Everything in the listing must be repeated exactly, apart from the images.

- **Material provided**:
-=-=-=-=-
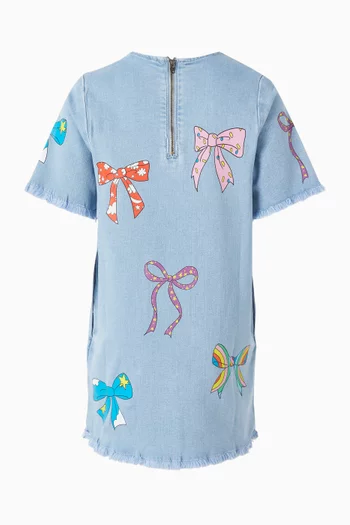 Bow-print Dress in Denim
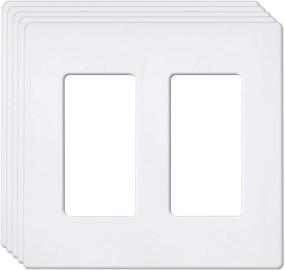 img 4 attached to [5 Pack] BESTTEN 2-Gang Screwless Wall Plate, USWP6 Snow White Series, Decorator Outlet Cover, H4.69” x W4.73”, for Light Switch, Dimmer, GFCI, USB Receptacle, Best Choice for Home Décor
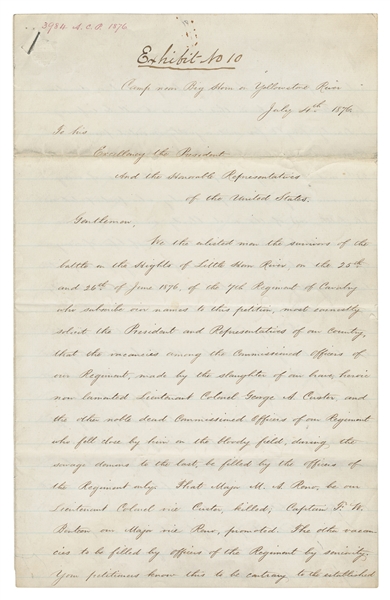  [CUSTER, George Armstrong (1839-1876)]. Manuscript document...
-=-=-=-=-
- **Solution below**:
 Bow-print Dress in Denim
 img 4 attached to [5 Pack] BESTTEN 2-Gang Screwless Wall Plate, USWP6 Snow White Series, Decorator Outlet Cover, H4.69” x W4.73”, for Light Switch, Dimmer, GFCI, USB Receptacle, Best Choice for Home Décor
  [CUSTER, George Armstrong (1839-1876)]. Manuscript document...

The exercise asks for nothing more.